Ludwig Van Beethoven 1770 yılında Almanya’nın Bonn şehrinde dünyaya gelmiştir. Toplamda 7 kardeşlerdir 3 kardeşi sağır, 2 ‘si kör ve 1i zeka özürlüdür ayrıca annesi de Rengi hastasıdır. Kardeşleri tek tek ölmüştür ve sadece 2 kardeşi hayatta kalmıştır. Beethoven’ın dedesi, babası ve ailesinin büyük bir çoğu müziği meslek edinmiş kişilerdir. Babası Beethoven’ın müzik yeteneğini keşfedip 4 yaşında zorla piyano çaldırtmaya başlamıştır ve yanlış yaptığında ise şiddet uygulamıştır. Edindiği bilgileri oğluna aktarmaya çalışmıştır.

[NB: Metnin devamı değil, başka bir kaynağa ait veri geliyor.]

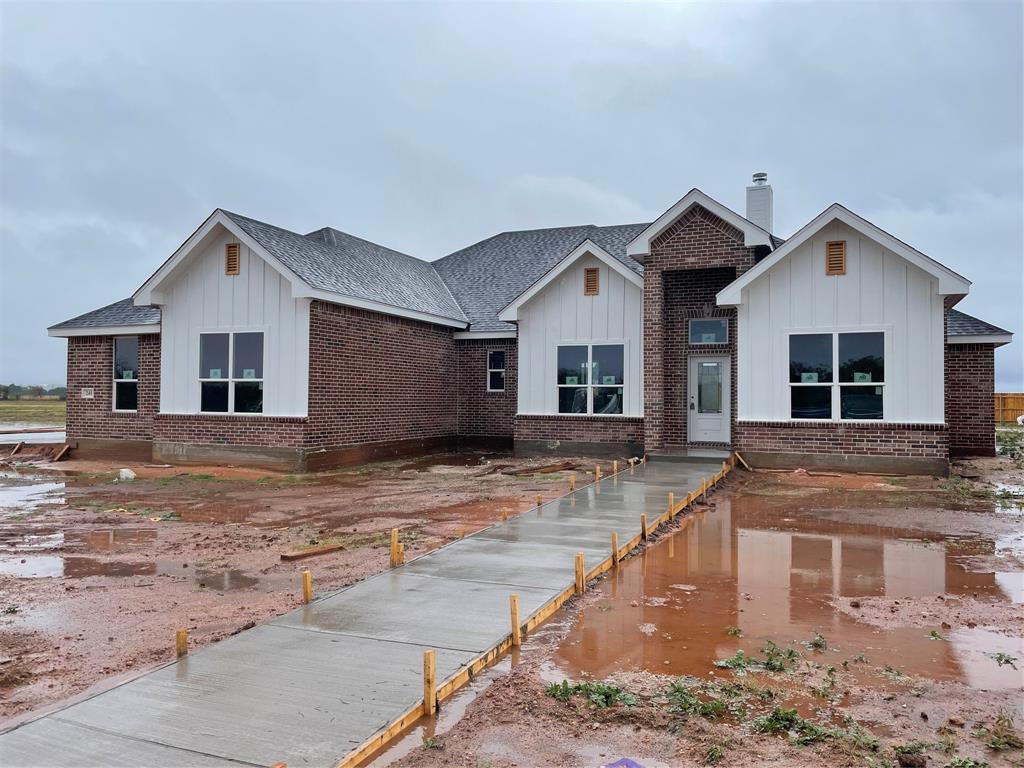 a view of a yard in front of a house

Babası oğlunun o dönemde yaşayan Mozart’a benzemesini istiyordu. Beethoven 12-13 yaşlarında okulu bıraktı. 14 yaşında orgculuk yapıp halkın ilgisini çekmeyi başarmıştı. Mozart’tan ders alması için Viyana’ya gönderildi. Mozart, Beethoven’ın olağanüstü bir yeteneğe sahip olduğunu keşfetti ve doğaçlama müzik yapması için ona önderlik etti. Doğaçlamaları ile Viyana’da dikkat çekmişti. Beethoven’ın annesi öldükten sonra babası, alkolik olmuştur ve işsiz kalmıştır. Beethoven evine dönmek zorunda kalmıştır ve artık evin bütün yükü onun sırtındadır. Ailesini geçindirmek için birçok şey yapıp orkestrada çalışıp, özel dersler vermeye başlamıştır. 1778 ‘li yıllarda ilk defa halkın karışına çıkmıştır.

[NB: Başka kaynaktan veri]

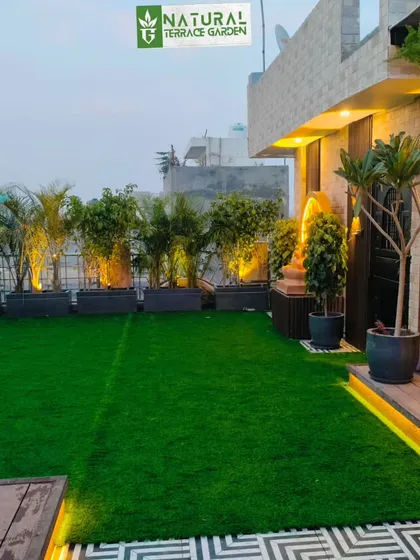 A wide view of a completed terrace in Uttam Nagar, showing the artificial lawn, planters with uplighting, and a seating deck.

Beethoven giderek işitme duyusunu kaybetmeye başlamıştır psikolojisi ve davranışları olumsuz yönde etkilenip çabuk sinirlenen, aksi bir insan haline gelmiştir. Sağırlığı ilerledikçe piyanist olarak çalışması güçleşmişti, beste yapmaya yöneldi ve insanlardan, toplumdan uzaklaşmıştı. Ciddi anlamda kişilik bozukluğu oluşmuştu. 1802 yılında artık her şeyden sıkılıp, hayattan vazgeçmiştir intihar etmeyi düşünüp ailesine bir vasiyetname yazmıştır. Bu ruhsal çöküşünden gerçek bir irade gücüyle çıkıp müziğe daha çok bağlanmıştır yeni besteler yapmaya başlamıştır. Napolyon için beste yazmıştır ve toplumda büyük bir etki yaratmıştır.

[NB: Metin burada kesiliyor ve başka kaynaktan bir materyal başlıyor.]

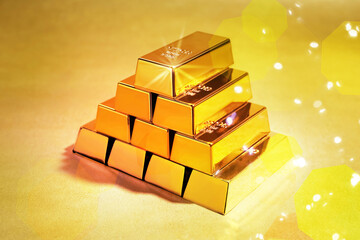 Stacked shiny gold bars on color background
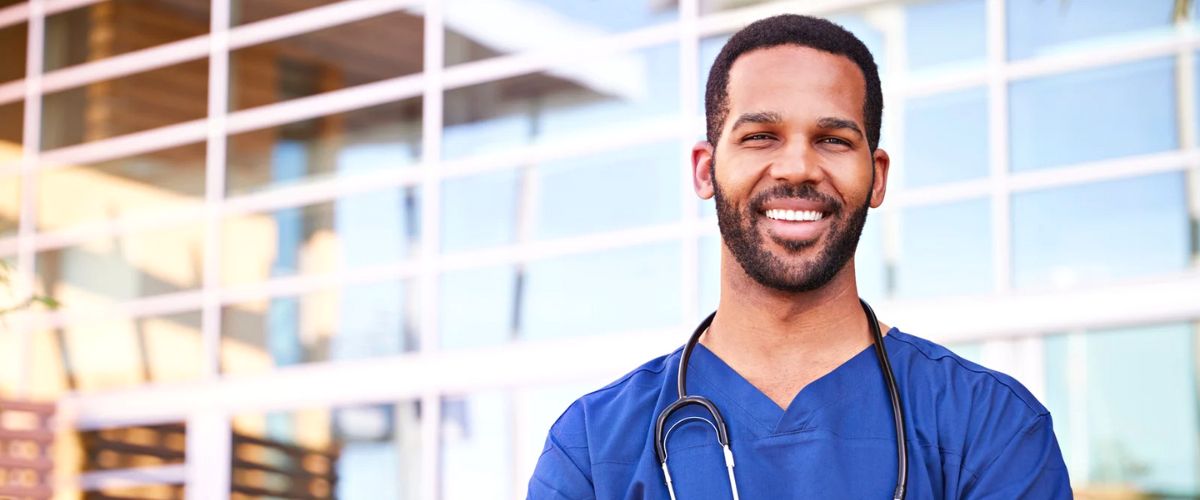 Smiling nurse with blue scrubs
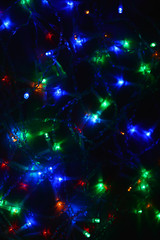 Colored lights (garland) in the dark. Bokeh effect Festive illumination.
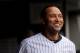 NEW YORK, NY - MARCH 31: Derek Jeter #2 of the New York Yankees smiles as he looks on from the dugout during the game against the Detroit Tigers on Opening Day at Yankee Stadium on March 31, 2011 in New York City. (Photo by Nick Laham/Getty Images)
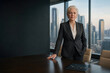 © Bartek - Senior executive Chief Algorithmic Officer in charcoal suit standing at head of boardroom table with tablet showing abstract network symbolizing AI oversight and corporate governance in modern office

Beethoven yalnız ve agresif bir insan olarak tanınırdı ama gençlik yıllarında soylu kesimlerden çok güçlü dostlukları vardır sağır olduktan sonra hiç kimseyle anlaşamamaya başlamıştır. Beethoven hiç evlenmemiştir ve evliliği hiç düşünmemiştir. Çok fazla aşk yaşamıştır ama sonu hep hayal kırıklığıyla, hüsranla bitmiştir.
1813 ve 1817 yılları arasında bir bekleyiş dönemine girmiştir ve neredeyse hiç yeni eser vermemiştir ancak o yıllardan sonra çok güçlü yapıtlar ortaya koymuştur bekleyiş yıllarının aslında bir hazırlanma olduğu ortaya çıkmıştır.
1826 yılının sonlarında hastalandı ve durumu çok hızlı bir şekilde kötüleşti. 1827 yılının başında hayata gözlerini yumdu. Cenaze törenine ünlü kişiler ve bestecilerin yer aldığı yirmi beş bin kişilik grup vardı.
Yapıtlarında bazen acılı ama daha çok coşkulu bir güçlülük ve özgüveni yansıtmıştır. Yapıtlarının duygu ve anlatım yoğunluğu o dönemde eşsiz, hiç görülmemiş bir nitelikteydi. Eserlerinden sadece 19. yüzyıldakiler değil çağdaş besteciler bile etkilenmektedir.
Beethoven’ın müzik tarihindeki yeri her zaman bir doruk olarak nitelendirilmiştir.